__Work task__
The answer should be every line below, repeated exactly, with the images left out.

__Task inputs__
══════

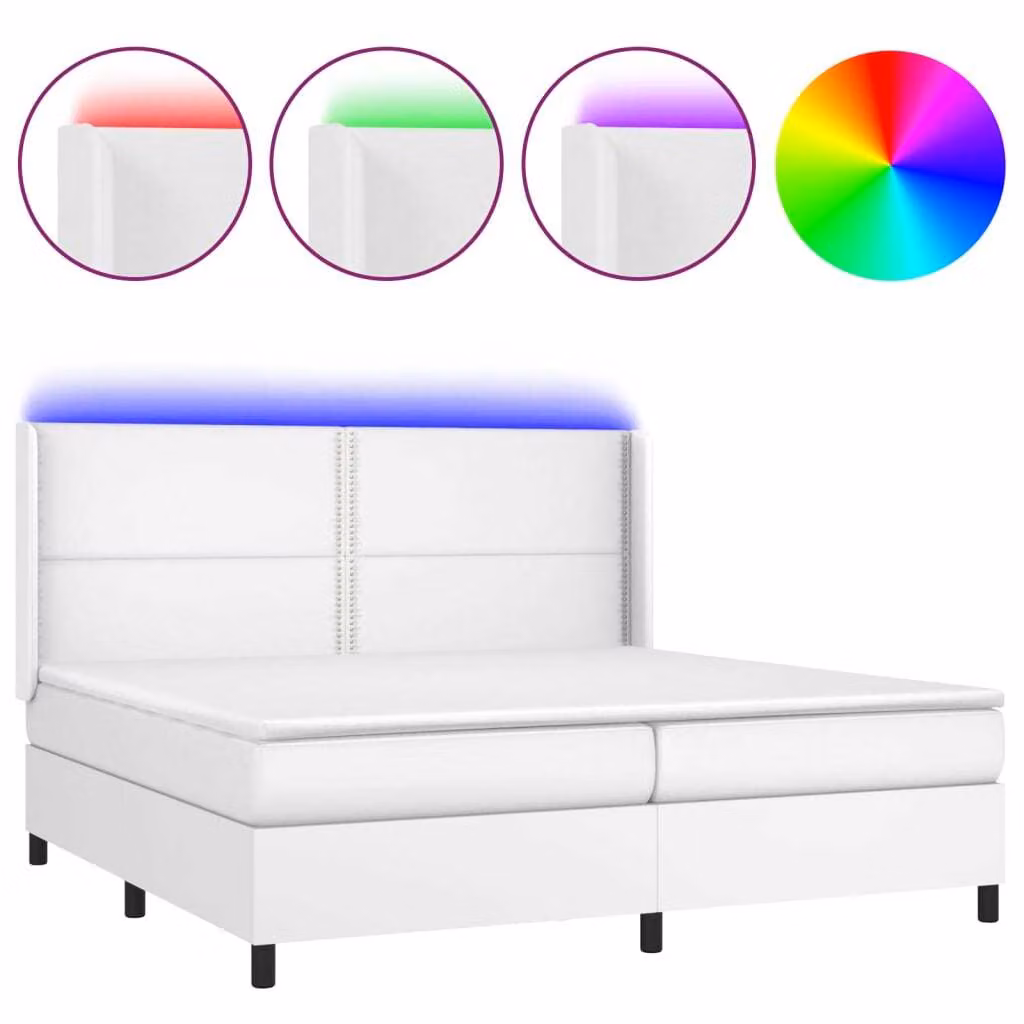 Giroletto Molle con Materasso e LED Bianco 200x200cm Pelle finta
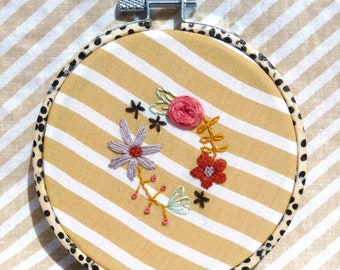 Handmade embrodery hoop with colorful flowers - floral crown - hoop art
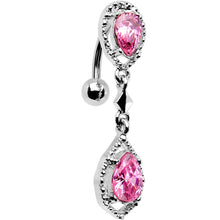 将图片加载到图库查看器，Pink Gem Twin Top Mount Dangle Belly Ring
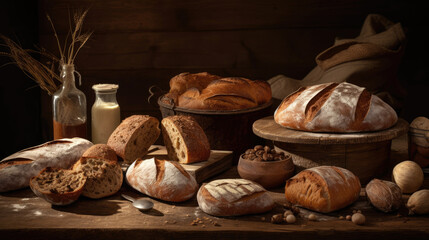 An assortment of freshly baked artisan bread. Generative AI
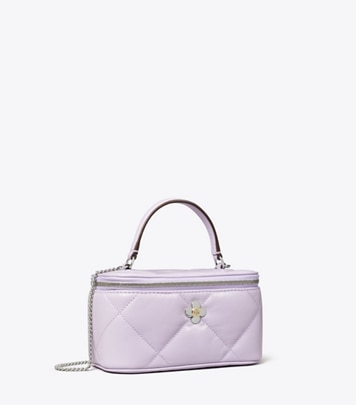 Tory Burch designer mini bags Kira Diamond Quilt Clover Vanity Case in Purple Heather angle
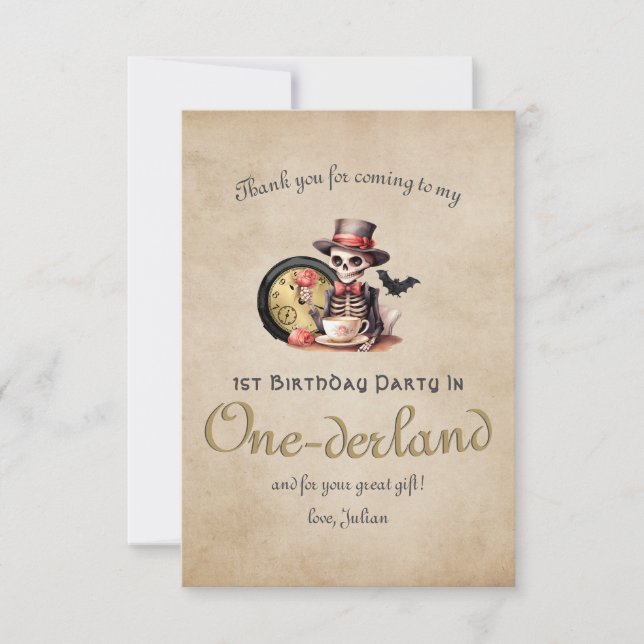 Carte De Remerciements Grave erreur gothique squelette Halloween Baby Ann (Devant)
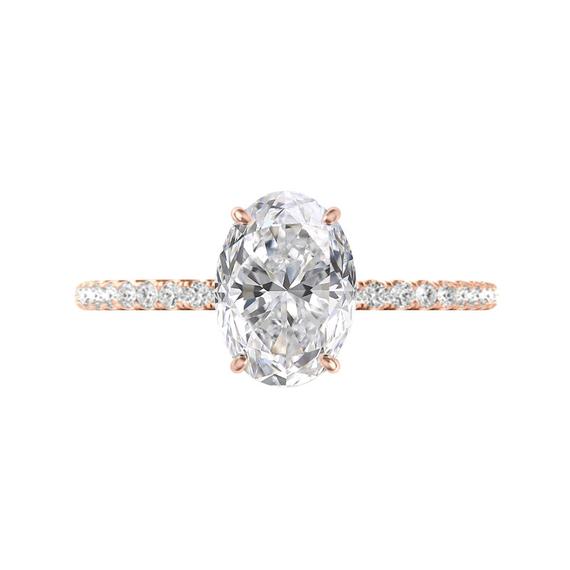 زفاف - 3 Carat Oval Moissanite & Diamond Hidden Halo Engagement Ring 14k Rose Gold, Custom Moissanite Engagement Ring, Raven Fine Jewelers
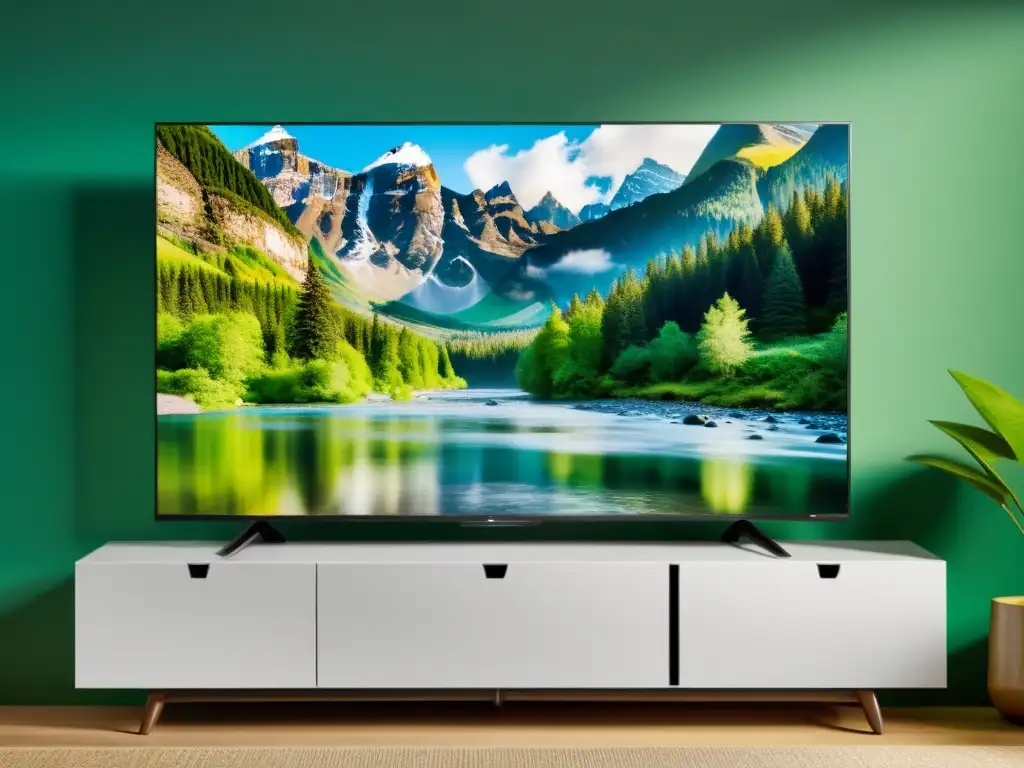 Televisor Smart montado en la pared: naturaleza en alta definición Una Smart TV moderna en una sala minimalista con imagen de naturaleza de alta definición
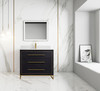 Alma Barsalona 40" Bathroom Vanity Dawn grey , Golden Brass Hardware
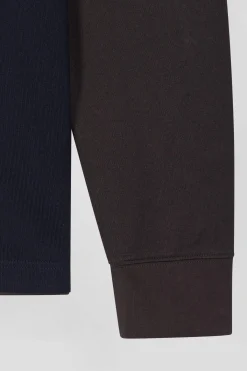 Maillot manches longues en coton marron broderie et applications de tissus cravate coupe Regular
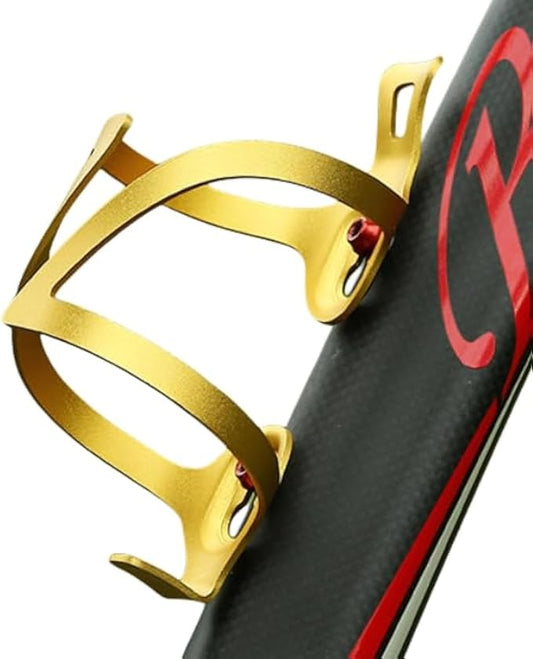 Premium Aluminum Alloy Bike Cup Holder - - Durable Water Bottle Cage for Bicycle, Road Bike, Mountain Bikes (Gold)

══════

__Answer space__
 Giroletto Molle con Materasso e LED Bianco 200x200cm Pelle finta
 Handmade embrodery hoop with colorful flowers - floral crown - hoop art
 将图片加载到图库查看器，Pink Gem Twin Top Mount Dangle Belly Ring
 An assortment of freshly baked artisan bread. Generative AI
 Tory Burch designer mini bags Kira Diamond Quilt Clover Vanity Case in Purple Heather angle
 Carte De Remerciements Grave erreur gothique squelette Halloween Baby Ann (Devant)
 زفاف - 3 Carat Oval Moissanite & Diamond Hidden Halo Engagement Ring 14k Rose Gold, Custom Moissanite Engagement Ring, Raven Fine Jewelers
 Televisor Smart montado en la pared: naturaleza en alta definición Una Smart TV moderna en una sala minimalista con imagen de naturaleza de alta definición
 Alma Barsalona 40" Bathroom Vanity Dawn grey , Golden Brass Hardware
 Maillot manches longues en coton marron broderie et applications de tissus cravate coupe Regular
 Premium Aluminum Alloy Bike Cup Holder - - Durable Water Bottle Cage for Bicycle, Road Bike, Mountain Bikes (Gold)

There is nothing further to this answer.